About this task: The answer should contain all of the data, retyped without any alteration.

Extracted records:
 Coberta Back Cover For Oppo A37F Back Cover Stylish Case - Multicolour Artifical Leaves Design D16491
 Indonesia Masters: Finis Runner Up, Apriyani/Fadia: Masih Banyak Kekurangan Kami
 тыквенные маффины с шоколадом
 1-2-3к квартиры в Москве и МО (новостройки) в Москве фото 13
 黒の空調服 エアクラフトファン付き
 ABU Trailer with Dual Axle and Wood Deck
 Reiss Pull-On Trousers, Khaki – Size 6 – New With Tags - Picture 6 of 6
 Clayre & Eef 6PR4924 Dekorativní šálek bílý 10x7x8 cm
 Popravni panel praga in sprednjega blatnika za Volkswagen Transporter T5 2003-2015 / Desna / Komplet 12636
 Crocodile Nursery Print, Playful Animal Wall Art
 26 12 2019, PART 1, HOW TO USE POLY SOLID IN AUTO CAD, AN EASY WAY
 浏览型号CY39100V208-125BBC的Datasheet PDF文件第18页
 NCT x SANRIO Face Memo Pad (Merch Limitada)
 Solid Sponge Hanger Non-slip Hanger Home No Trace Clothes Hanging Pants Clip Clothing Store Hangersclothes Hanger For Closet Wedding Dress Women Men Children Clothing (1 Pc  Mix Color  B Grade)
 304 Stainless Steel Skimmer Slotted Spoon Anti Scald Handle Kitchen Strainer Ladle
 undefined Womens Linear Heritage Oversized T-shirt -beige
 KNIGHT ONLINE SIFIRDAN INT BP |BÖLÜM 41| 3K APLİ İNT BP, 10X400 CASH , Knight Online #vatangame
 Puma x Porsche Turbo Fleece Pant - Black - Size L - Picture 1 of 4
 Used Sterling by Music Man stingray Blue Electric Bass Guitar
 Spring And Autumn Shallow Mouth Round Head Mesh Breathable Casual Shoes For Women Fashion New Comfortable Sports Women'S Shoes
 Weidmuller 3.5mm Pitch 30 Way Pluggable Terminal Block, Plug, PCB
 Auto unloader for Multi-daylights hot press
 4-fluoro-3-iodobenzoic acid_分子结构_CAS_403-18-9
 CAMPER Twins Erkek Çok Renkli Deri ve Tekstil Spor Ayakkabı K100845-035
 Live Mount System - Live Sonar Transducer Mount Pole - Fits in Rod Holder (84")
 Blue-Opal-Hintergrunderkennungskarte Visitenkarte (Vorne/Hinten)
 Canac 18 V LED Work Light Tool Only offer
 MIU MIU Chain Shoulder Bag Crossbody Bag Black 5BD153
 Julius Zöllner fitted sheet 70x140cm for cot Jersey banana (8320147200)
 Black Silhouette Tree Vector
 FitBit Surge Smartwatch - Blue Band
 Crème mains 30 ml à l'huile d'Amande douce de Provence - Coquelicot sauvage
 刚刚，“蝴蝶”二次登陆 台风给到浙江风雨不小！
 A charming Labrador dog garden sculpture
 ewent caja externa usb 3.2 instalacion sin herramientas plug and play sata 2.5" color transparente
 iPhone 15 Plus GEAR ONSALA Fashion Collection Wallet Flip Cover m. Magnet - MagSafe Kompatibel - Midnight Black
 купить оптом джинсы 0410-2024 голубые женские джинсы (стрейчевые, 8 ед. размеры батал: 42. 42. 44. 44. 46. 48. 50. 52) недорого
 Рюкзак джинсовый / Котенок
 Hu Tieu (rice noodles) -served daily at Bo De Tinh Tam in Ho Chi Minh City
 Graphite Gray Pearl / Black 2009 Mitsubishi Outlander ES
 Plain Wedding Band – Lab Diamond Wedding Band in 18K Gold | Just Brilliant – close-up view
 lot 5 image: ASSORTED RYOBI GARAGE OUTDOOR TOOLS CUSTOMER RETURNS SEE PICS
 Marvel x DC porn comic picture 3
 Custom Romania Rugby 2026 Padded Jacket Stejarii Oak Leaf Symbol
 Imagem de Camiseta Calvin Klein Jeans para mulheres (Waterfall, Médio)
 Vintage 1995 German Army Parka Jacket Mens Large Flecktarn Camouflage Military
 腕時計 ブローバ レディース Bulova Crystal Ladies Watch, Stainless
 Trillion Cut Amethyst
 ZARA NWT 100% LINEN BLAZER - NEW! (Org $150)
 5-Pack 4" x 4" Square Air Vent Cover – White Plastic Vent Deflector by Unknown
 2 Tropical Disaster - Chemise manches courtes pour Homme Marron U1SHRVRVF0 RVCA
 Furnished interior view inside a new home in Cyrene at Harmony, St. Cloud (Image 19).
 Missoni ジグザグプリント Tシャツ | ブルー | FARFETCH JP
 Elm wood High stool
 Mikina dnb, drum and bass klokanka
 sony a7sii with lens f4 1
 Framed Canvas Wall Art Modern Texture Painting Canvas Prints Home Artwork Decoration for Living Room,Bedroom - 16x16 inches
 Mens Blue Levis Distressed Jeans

Output of the task:
 Coberta Back Cover For Oppo A37F Back Cover Stylish Case - Multicolour Artifical Leaves Design D16491
 Indonesia Masters: Finis Runner Up, Apriyani/Fadia: Masih Banyak Kekurangan Kami
 тыквенные маффины с шоколадом
 1-2-3к квартиры в Москве и МО (новостройки) в Москве фото 13
 黒の空調服 エアクラフトファン付き
 ABU Trailer with Dual Axle and Wood Deck
 Reiss Pull-On Trousers, Khaki – Size 6 – New With Tags - Picture 6 of 6
 Clayre & Eef 6PR4924 Dekorativní šálek bílý 10x7x8 cm
 Popravni panel praga in sprednjega blatnika za Volkswagen Transporter T5 2003-2015 / Desna / Komplet 12636
 Crocodile Nursery Print, Playful Animal Wall Art
 26 12 2019, PART 1, HOW TO USE POLY SOLID IN AUTO CAD, AN EASY WAY
 浏览型号CY39100V208-125BBC的Datasheet PDF文件第18页
 NCT x SANRIO Face Memo Pad (Merch Limitada)
 Solid Sponge Hanger Non-slip Hanger Home No Trace Clothes Hanging Pants Clip Clothing Store Hangersclothes Hanger For Closet Wedding Dress Women Men Children Clothing (1 Pc  Mix Color  B Grade)
 304 Stainless Steel Skimmer Slotted Spoon Anti Scald Handle Kitchen Strainer Ladle
 undefined Womens Linear Heritage Oversized T-shirt -beige
 KNIGHT ONLINE SIFIRDAN INT BP |BÖLÜM 41| 3K APLİ İNT BP, 10X400 CASH , Knight Online #vatangame
 Puma x Porsche Turbo Fleece Pant - Black - Size L - Picture 1 of 4
 Used Sterling by Music Man stingray Blue Electric Bass Guitar
 Spring And Autumn Shallow Mouth Round Head Mesh Breathable Casual Shoes For Women Fashion New Comfortable Sports Women'S Shoes
 Weidmuller 3.5mm Pitch 30 Way Pluggable Terminal Block, Plug, PCB
 Auto unloader for Multi-daylights hot press
 4-fluoro-3-iodobenzoic acid_分子结构_CAS_403-18-9
 CAMPER Twins Erkek Çok Renkli Deri ve Tekstil Spor Ayakkabı K100845-035
 Live Mount System - Live Sonar Transducer Mount Pole - Fits in Rod Holder (84")
 Blue-Opal-Hintergrunderkennungskarte Visitenkarte (Vorne/Hinten)
 Canac 18 V LED Work Light Tool Only offer
 MIU MIU Chain Shoulder Bag Crossbody Bag Black 5BD153
 Julius Zöllner fitted sheet 70x140cm for cot Jersey banana (8320147200)
 Black Silhouette Tree Vector
 FitBit Surge Smartwatch - Blue Band
 Crème mains 30 ml à l'huile d'Amande douce de Provence - Coquelicot sauvage
 刚刚，“蝴蝶”二次登陆 台风给到浙江风雨不小！
 A charming Labrador dog garden sculpture
 ewent caja externa usb 3.2 instalacion sin herramientas plug and play sata 2.5" color transparente
 iPhone 15 Plus GEAR ONSALA Fashion Collection Wallet Flip Cover m. Magnet - MagSafe Kompatibel - Midnight Black
 купить оптом джинсы 0410-2024 голубые женские джинсы (стрейчевые, 8 ед. размеры батал: 42. 42. 44. 44. 46. 48. 50. 52) недорого
 Рюкзак джинсовый / Котенок
 Hu Tieu (rice noodles) -served daily at Bo De Tinh Tam in Ho Chi Minh City
 Graphite Gray Pearl / Black 2009 Mitsubishi Outlander ES
 Plain Wedding Band – Lab Diamond Wedding Band in 18K Gold | Just Brilliant – close-up view
 lot 5 image: ASSORTED RYOBI GARAGE OUTDOOR TOOLS CUSTOMER RETURNS SEE PICS
 Marvel x DC porn comic picture 3
 Custom Romania Rugby 2026 Padded Jacket Stejarii Oak Leaf Symbol
 Imagem de Camiseta Calvin Klein Jeans para mulheres (Waterfall, Médio)
 Vintage 1995 German Army Parka Jacket Mens Large Flecktarn Camouflage Military
 腕時計 ブローバ レディース Bulova Crystal Ladies Watch, Stainless
 Trillion Cut Amethyst
 ZARA NWT 100% LINEN BLAZER - NEW! (Org $150)
 5-Pack 4" x 4" Square Air Vent Cover – White Plastic Vent Deflector by Unknown
 2 Tropical Disaster - Chemise manches courtes pour Homme Marron U1SHRVRVF0 RVCA
 Furnished interior view inside a new home in Cyrene at Harmony, St. Cloud (Image 19).
 Missoni ジグザグプリント Tシャツ | ブルー | FARFETCH JP
 Elm wood High stool
 Mikina dnb, drum and bass klokanka
 sony a7sii with lens f4 1
 Framed Canvas Wall Art Modern Texture Painting Canvas Prints Home Artwork Decoration for Living Room,Bedroom - 16x16 inches
 Mens Blue Levis Distressed Jeans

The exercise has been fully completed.